What is the difference between retatrutide and tirzepatide?▼

Tirzepatide is a dual agonist targeting GLP-1 and GIP receptors, producing 20.9% mean weight loss at 72 weeks in the SURMOUNT-1 trial. Retatrutide adds glucagon receptor activation to that foundation, resulting in 24.2% weight loss at 48 weeks—a 3.3-percentage-point advantage despite shorter trial duration. The glucagon pathway increases basal metabolic rate and hepatic fat oxidation, effects not present in tirzepatide. Both compounds share GI side effect profiles, but retatrutide causes greater heart rate elevation due to sympathetic activation from glucagon agonism.

Is retatrutide FDA-approved for obesity treatment?▼

No—retatrutide remains investigational and has not completed Phase 3 trials required for FDA approval. Eli Lilly is currently conducting Phase 3 studies (TRIUMPH program) evaluating retatrutide for obesity and Type 2 diabetes, with results expected in 2026–2027. Until those trials complete and demonstrate acceptable long-term safety, retatrutide cannot be prescribed outside clinical research settings. Semaglutide (Wegovy) and tirzepatide (Zepbound) are the only triple- or dual-agonist peptides currently FDA-approved for weight management.
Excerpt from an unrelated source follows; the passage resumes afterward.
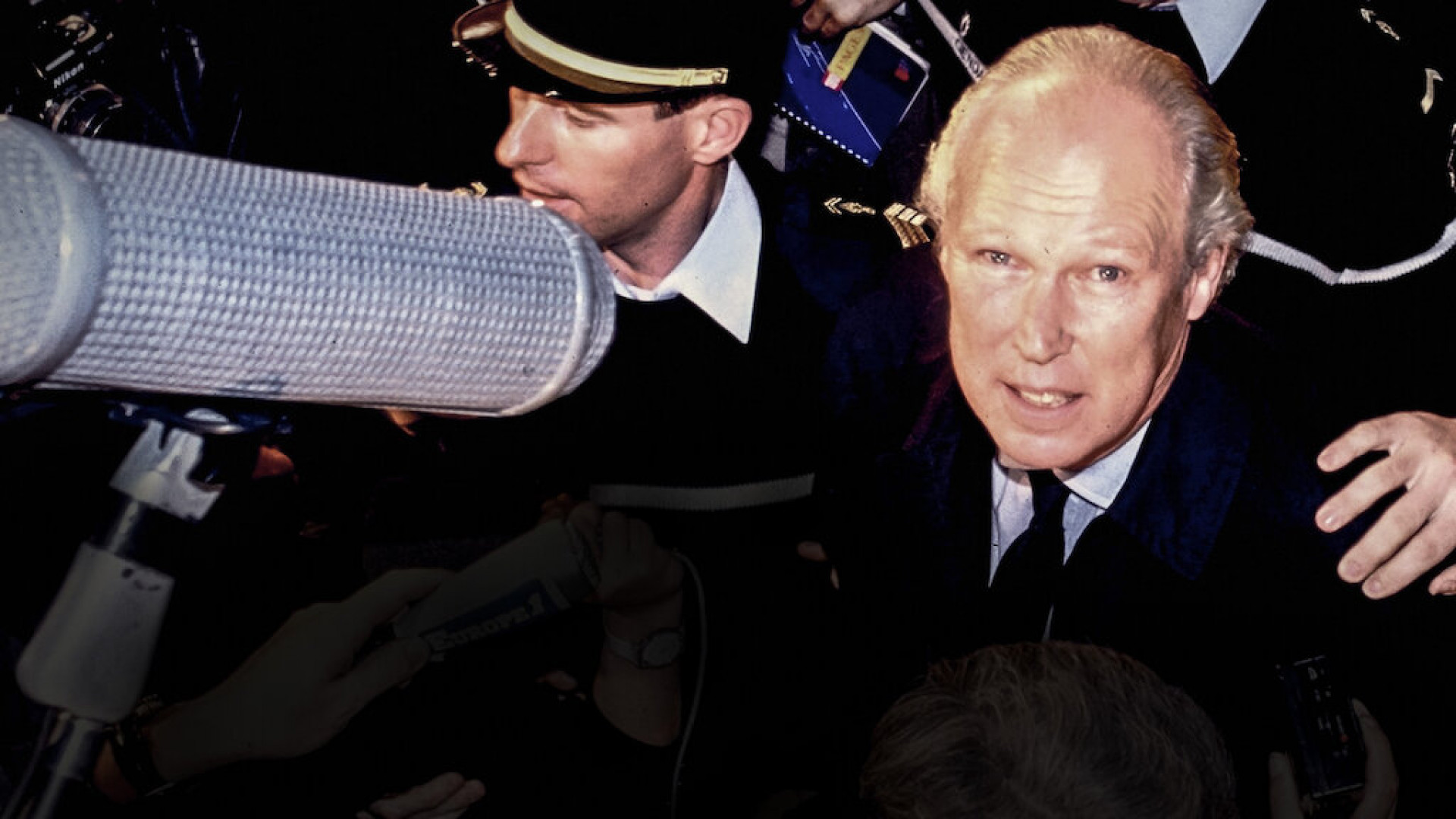 Aristocrata deixou o país aos nove anos devido a partipação do avô com o regime fascista de Mussolini - Divulgação / Netflix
What happens to heart rate on retatrutide?▼

Glucagon receptor agonism increases sympathetic nervous system activity, causing heart rate elevation in approximately 30% of participants during dose escalation. The mean increase is 5–8 bpm, typically peaking at weeks 4–8 and stabilizing by week 12. Participants with baseline heart rates above 85 bpm showed larger increases—some reaching 10–12 bpm. This effect is mechanism-driven and does not resolve with continued dosing. Long-term cardiovascular outcome data is not yet available, so the clinical significance of sustained heart rate elevation on retatrutide remains unknown.
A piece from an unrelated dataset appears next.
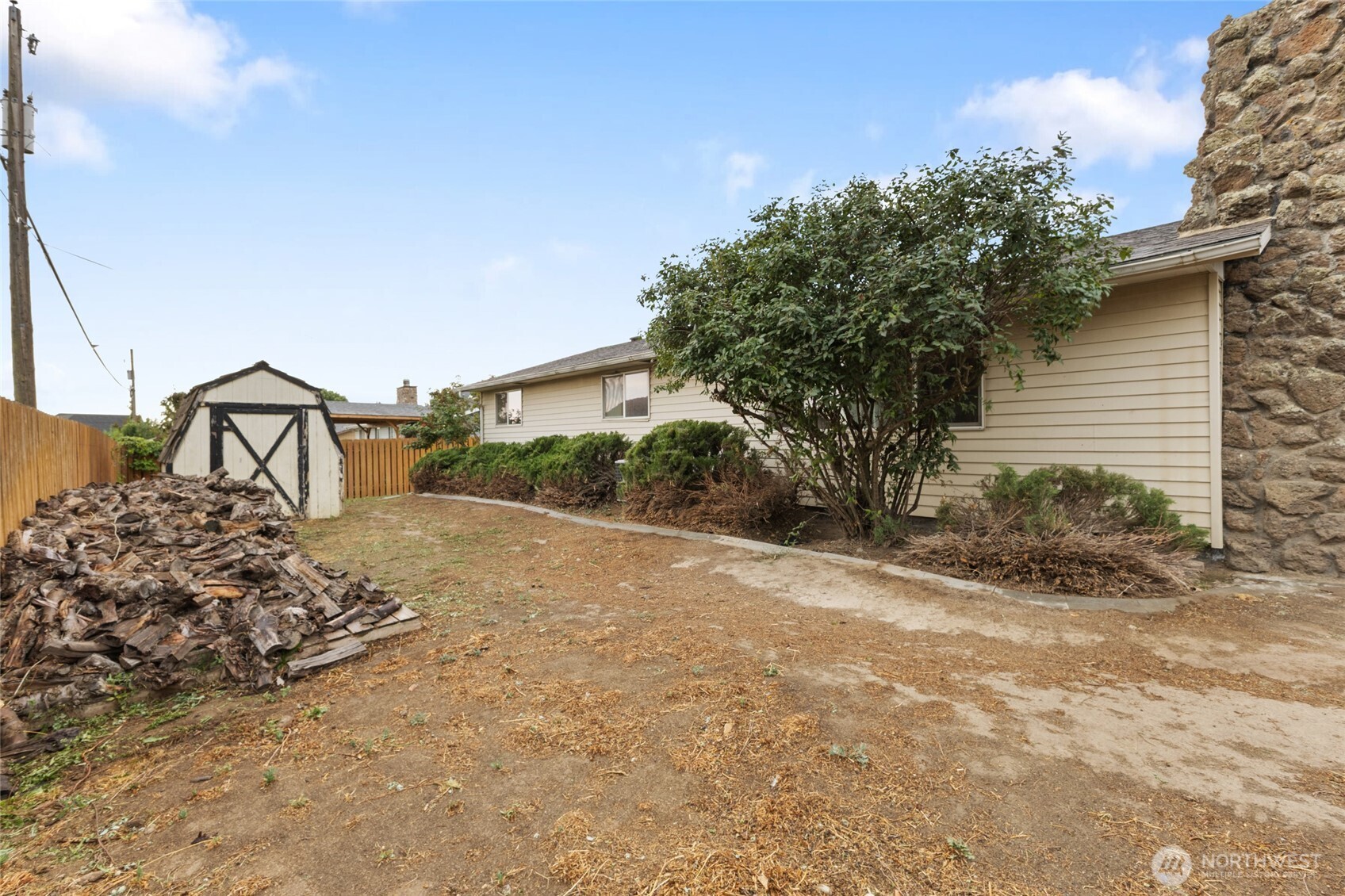 603 N Crestview Drive Property Photo 33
Can retatrutide be compounded like semaglutide?▼

No—retatrutide is not commercially available in any form, including compounded versions. FDA regulations allow compounding of drugs in shortage or when medically necessary, but retatrutide has never been approved, so no reference standard or bulk API exists for licensed compounding pharmacies to source. Semaglutide and tirzepatide are compounded because Novo Nordisk and Eli Lilly hold FDA approvals for those molecules, creating a legal pathway for 503B facilities to produce generic versions during shortages. Retatrutide is exclusively available through enrollment in Eli Lilly-sponsored clinical trials.